• _Work instructions_: Only the lines from the one containing "В пестречинском лагере" through the end of the listing are to be repeated, exactly and without pictures.

• _Information supplied_:

Segment Open

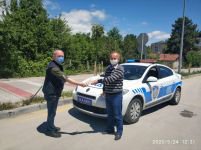 VATANDAŞLARDAN EMNİYET EKİPLERİNE İKRAM...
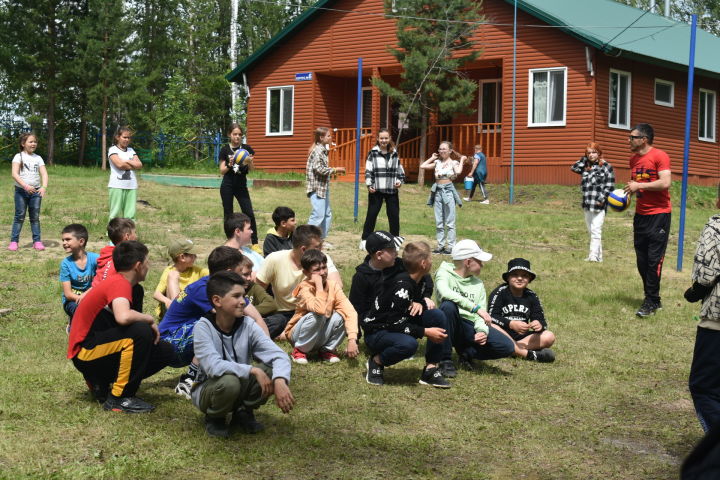 В пестречинском лагере «Чайка» отдыхают 100 детей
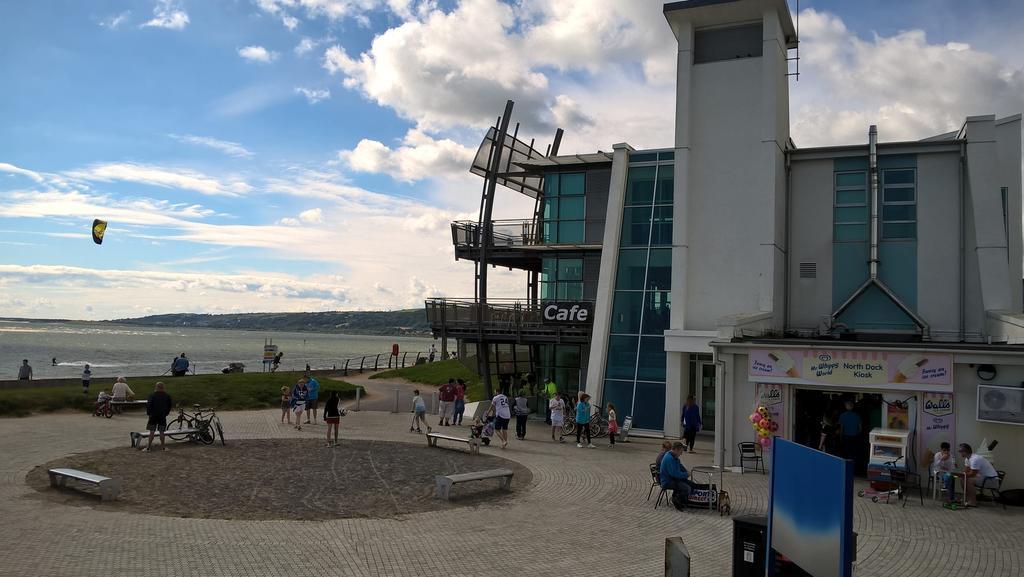 Coastal Apartments - Wales Swansea Buitenkant foto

Segment Closed

• _Reply_:
 В пестречинском лагере «Чайка» отдыхают 100 детей
 Coastal Apartments - Wales Swansea Buitenkant foto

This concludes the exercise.